Sitting in traffic is a pain. Maybe you have exhausted ALL your ideas on how to own your commute and now just count the minutes as they pass by. The point of leaving home early was to beat the traffic, but instead you have wasted precious sleep time. Before you start contemplating the meaning of life, or trying to find a job closer to home, there may be an answer to this daily predicament. And it’s probably our electricity usage, with a dash of IT support. By analyzing electricity-use patterns of residents, researchers in Austin, TX were able to predict peak times of traffic using the city’s power grid system.
We’ve got the Power (Grid)
Electrical power is something that is commonly overlooked and underappreciated, until the bill for it comes in. But electricity runs the world! Well, that and the IT guys trying to make all the technology work in the basement.
Civil and environmental engineers have been trying to pin-point a method for predicting traffic congestion for years but have faced difficulties because traffic patterns will vary day-to-day or never stay the same for very long. People wake up late or they have doctor appointments, or they just need to stop for coffee every now and again! Household power usage is the answer to this changing traffic puzzle!
Electricity use typically reduces in the evening because families will turn off lights, air conditioning units, televisions, computers, etc. And when families wake up for work or school, they will use more electricity to get ready and make breakfast, showing an energy spike in the power grid. But how does this help determine traffic trends at all? Well, when people prepare to leave the house, they will turn off their lights, unplug hair-dryers, stop laundry machines, etc. in order to conserve power while they are gone. On a graph, this shows a significant energy decrease and it can be reasonably assumed that people living in this household are on their way to work.
Need More Data
The researchers working on this project used 322 anonymous households in Austin and analyzed 79 days of their electricity usage. This study requires no personally identifiable information, which also shows that this system can be optimized without being a privacy concern. With these households, the researchers quickly categorized them by identifying who were the “early birds” and the “night owls.” (Those in IT were not put into either category, because it’s a common misconception that they have time to sleep.) Then, Artificial Intelligence (AI) accounts for these categories and how they might affect traffic congestion to predict a more “likely” traffic pattern for that specific morning. This has shown to be “significantly more accurate than predictions made by only using real-time traffic data.” Of course, there are unexpected outliers in the system, such as weather or traffic incidents, which will inevitably skew predictions for traffic, but there is hope to develop a system that can account for those sort of factors.
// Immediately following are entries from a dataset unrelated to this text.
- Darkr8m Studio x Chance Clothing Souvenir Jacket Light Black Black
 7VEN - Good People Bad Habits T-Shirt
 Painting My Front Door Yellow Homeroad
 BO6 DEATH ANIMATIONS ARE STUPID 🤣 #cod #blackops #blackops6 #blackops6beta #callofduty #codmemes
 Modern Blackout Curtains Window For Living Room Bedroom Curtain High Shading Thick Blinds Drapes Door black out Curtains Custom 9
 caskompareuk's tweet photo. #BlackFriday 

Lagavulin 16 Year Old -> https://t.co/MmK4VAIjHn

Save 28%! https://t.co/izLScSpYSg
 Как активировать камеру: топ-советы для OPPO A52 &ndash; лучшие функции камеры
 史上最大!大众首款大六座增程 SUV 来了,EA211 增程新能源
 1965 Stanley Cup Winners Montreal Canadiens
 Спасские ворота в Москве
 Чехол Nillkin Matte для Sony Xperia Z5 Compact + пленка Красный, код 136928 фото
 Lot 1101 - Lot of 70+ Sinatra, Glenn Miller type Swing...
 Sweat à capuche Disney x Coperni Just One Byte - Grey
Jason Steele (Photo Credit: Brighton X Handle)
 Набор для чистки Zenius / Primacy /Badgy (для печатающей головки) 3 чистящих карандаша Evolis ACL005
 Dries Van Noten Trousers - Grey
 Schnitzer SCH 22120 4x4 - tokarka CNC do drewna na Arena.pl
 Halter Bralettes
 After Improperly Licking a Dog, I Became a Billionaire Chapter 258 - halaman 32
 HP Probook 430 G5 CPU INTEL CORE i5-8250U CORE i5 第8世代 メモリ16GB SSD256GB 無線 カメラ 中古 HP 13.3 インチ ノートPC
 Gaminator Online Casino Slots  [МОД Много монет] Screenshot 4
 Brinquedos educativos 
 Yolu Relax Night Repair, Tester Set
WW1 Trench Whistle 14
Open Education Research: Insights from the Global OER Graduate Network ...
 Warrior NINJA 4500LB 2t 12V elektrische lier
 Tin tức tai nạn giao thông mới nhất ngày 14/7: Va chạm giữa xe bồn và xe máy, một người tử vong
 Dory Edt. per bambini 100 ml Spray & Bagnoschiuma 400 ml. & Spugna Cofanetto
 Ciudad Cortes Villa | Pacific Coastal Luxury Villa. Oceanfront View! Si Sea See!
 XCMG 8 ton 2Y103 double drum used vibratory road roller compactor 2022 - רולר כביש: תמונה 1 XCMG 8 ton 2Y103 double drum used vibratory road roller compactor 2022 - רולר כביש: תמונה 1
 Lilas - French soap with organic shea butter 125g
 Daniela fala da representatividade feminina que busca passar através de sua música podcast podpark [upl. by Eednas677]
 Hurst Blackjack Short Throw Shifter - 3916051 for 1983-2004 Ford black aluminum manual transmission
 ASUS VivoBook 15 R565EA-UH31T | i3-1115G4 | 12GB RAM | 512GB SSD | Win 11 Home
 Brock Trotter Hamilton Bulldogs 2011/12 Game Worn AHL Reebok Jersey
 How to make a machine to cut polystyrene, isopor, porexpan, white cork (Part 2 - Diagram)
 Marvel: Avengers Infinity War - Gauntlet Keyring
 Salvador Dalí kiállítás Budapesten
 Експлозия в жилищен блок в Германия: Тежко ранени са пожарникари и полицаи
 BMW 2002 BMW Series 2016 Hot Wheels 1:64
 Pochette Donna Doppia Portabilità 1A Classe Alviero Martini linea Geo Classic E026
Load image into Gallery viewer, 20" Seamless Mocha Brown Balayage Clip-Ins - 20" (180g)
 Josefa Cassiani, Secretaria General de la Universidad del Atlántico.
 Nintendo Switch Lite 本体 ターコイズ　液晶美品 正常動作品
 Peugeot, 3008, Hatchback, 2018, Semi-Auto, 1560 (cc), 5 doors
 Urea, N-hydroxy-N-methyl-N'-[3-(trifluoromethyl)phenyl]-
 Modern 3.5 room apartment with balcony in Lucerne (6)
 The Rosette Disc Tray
There are other ways to improve traffic flow in the morning! Some companies will incentivize getting to work early with free food or extra pay. This helps stagger the number of people trying to get to work all at one time. Plus, this power grid system may become public and have a sort of “weather segment” on the news to tell people in different areas when to leave or how long to wait before driving to work. Still, the study requires more data to project the results on a larger scale.
First off, all these systems are going to require extra help from IT support professionals and that inherently makes us excited. This method of predicting traffic uses household electricity as its main variable to determine congestion patterns and that includes your Internet, land-lines, desktop computers, cable television, or any other electric device you plug in to charge. What could possibly go wrong? Leave it to an IT guy to answer that question. You need working technology. But what do we know? We’re just a bunch of IT guys. We just want you to stop wasting your time sitting in traffic and waste more time on the Internet.